Hi,

I have been selected as the Operational Directorate (opsdir) reviewer for this Internet-Draft. 

The Operational Directorate reviews all operational and management-related Internet-Drafts to ensure alignment with operational best practices and that adequate operational considerations are covered.

A complete set of _"Guidelines for Considering Operations and Management in IETF Specifications"_ can be found at https://datatracker.ietf.org/doc/draft-ietf-opsawg-rfc5706bis/.

While these comments are primarily for the Operations and Management Area Directors (Ops ADs), the authors should consider them alongside other feedback received.


- Document: draft-elkhatabi-verifiable-telemetry-ledgers-05

- Reviewer: Joe Clarke

- Review Date: May 27, 2026

- Intended Status: Informational 

 
---

## Summary 

Choose one: **Has Issues**

## General Operational Comments Alignment with RFC 5706bis 

I recommend the authors consider adding a short, consolidated "Operational Considerations" section that gathers and cross-references the operationally relevant text already scattered through the draft.

Per RFC 5706bis, an informational document with this much deployment surface would benefit from an explicit Operational Considerations section. I'd suggest a short section (e.g., a new Section 11) that covers:

* Health/fault management: what an operator should monitor (replay-state persistence, AEAD-failure rate, anchoring backlog, calendar reachability, day-artifact write success, OTS upgrade lag).
* Configuration management: enumeration of deployment-tunable parameters (acceptance window, connectivity window, retention period, calendars used, anchoring mode warn/strict, peer-quorum threshold) with recommended defaults where applicable.
* Performance/scaling: expected artifact size relative to record count, OTS submission rate, and effect of multi-calendar submission.
* Verifying correct operation: how an operator (not auditor) sanity checks that the pipeline is healthy.

Additionally, I did find a few "minor" issues that should be shored up to make this ledger more consumable and deployable.

First, in your introduction, you state: "The gateway is expected to maintain UTC time for ingest_time assignment and day-artifact rollover. The device is not required to keep UTC wall-clock time for this profile."  But no where in here do I see guidance that the gateway should be using an authoritative time source.  Maybe shore this up with something like this text (maybe in a new Operational Considerations section):

NEW:

The gateway is expected to maintain UTC time for ingest_time assignment and day-artifact rollover. Deployments SHOULD use an authenticated time-synchronization mechanism (for example, authenticated NTP or equivalent) and SHOULD monitor clock health, since gateway clock errors propagate directly into committed ingest_time values and UTC day-boundary assignment. Behavior on detected clock step, regression, or loss of synchronization is a deployment policy matter and SHOULD be documented by the operator. The device is not required to keep UTC wall-clock time for this profile.

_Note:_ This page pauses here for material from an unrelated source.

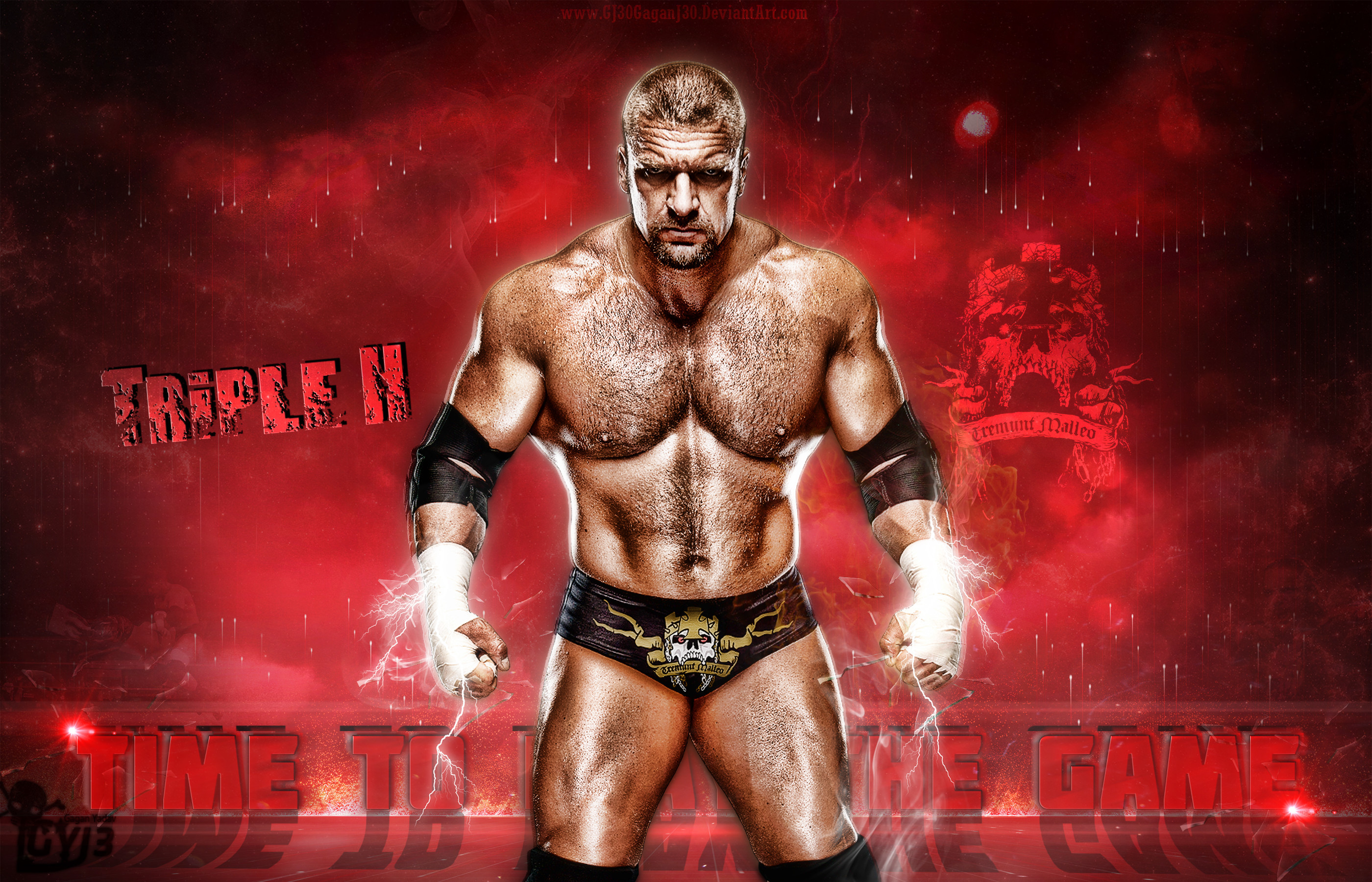 2800x1800  WWE Wallpapers. Download the following Triple H ..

Related to this, I see "naked" references to OTS and RFC3161 in this doc.  Outside of the abstract, those should be linked xrefs.

Section 4.2 states "Gateways SHOULD persist replay state across restart." Given that loss of replay state is described in Section 10 as enabling key-reuse and unsafe acceptance scenarios, I'd argue this is closer to a MUST in practice, or at minimum the SHOULD should be paired with the explicit consequence. What about:

OLD:

Gateways SHOULD persist replay state across restart. If replay state is lost, gateways SHOULD record a continuity break event and SHOULD NOT silently re-accept counters that could already have been committed.

NEW:

Gateways SHOULD persist replay state across restart. Loss of replay state can lead to nonce reuse and unsafe acceptance under the same AEAD key (see Section 10). If replay state is lost, gateways MUST record a continuity-break event, MUST NOT silently re-accept counters that could already have been committed, and MUST require explicit resynchronization or AEAD-key rotation before further frames from affected devices are accepted.

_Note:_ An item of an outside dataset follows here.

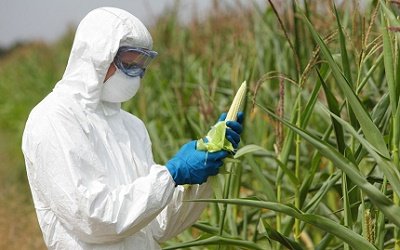 reduce-greed-and-monopoly-for-gm-foods-to-succeed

In Section 7, the Class A description contains:

A Class A verifier can recompute canonical-record digests from disclosed record artifacts, the **ADR-003** Merkle root, ...

"ADR-003" doesn't show up anywhere else in this draft. Maybe this is some hold-over from something deployment or project-specific?

OLD:

A Class A verifier can recompute canonical-record digests from disclosed record artifacts, the ADR-003 Merkle root, block/day consistency, the day artifact digest, manifest artifact digests, and enabled anchoring or publication proofs when those artifacts are present.

NEW:

A Class A verifier can recompute canonical-record digests from disclosed record artifacts, the batch Merkle root as defined in Section 4.5, block/day consistency, the day artifact digest, manifest artifact digests, and enabled anchoring or publication proofs when those artifacts are present.

Likewise, Appendix E enumerates reasons including **postcard_pod_id_mismatch** and **postcard_fc_mismatch**. The term "postcard" is not introduced anywhere in the document body. Either define it (or reference it) or rename these reasons to something more general.

Throughout this draft, "trackone" is used for media types. Why is "trackone" in the name?  This appears to be a project name/codename.  I feel this should be more generic if this is being proposed as an industry document.

---